Essa entrevista mereceu ¾ de uma página de destaque como Especial. O outro ¼ como contraponto foi concedido ao Nelson Marconi (FGV-SP). Ele é porta-voz do Novo-Desenvolvimentismo e assessor do Ciro Gomes. Mas o debate público não será plural enquanto não se divulgar também as ideias do Social-Desenvolvimentismo.

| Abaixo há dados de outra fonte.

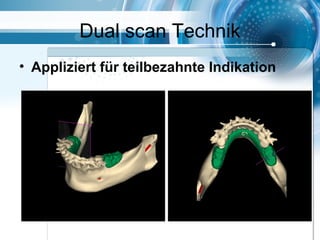 Dual scan Technik
• Appliziert für teilbezahnte Indikation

Essa coloca ênfase na necessidade de políticas sociais ativas em conjunto com um planejamento estratégico de retomada do crescimento sustentável da renda e emprego em longo prazo. Simpatizantes dessa linha de pensamento têm sido boicotados, desde o fim desta Era Social-desenvolvimentista (2003-2014), quando a Presidenta Dilma adotou sob pressão política, no início de seu segundo mandato, a política econômica levyana. Daí o golpismo contou com cumplicidade do jornalismo econômico neoliberal.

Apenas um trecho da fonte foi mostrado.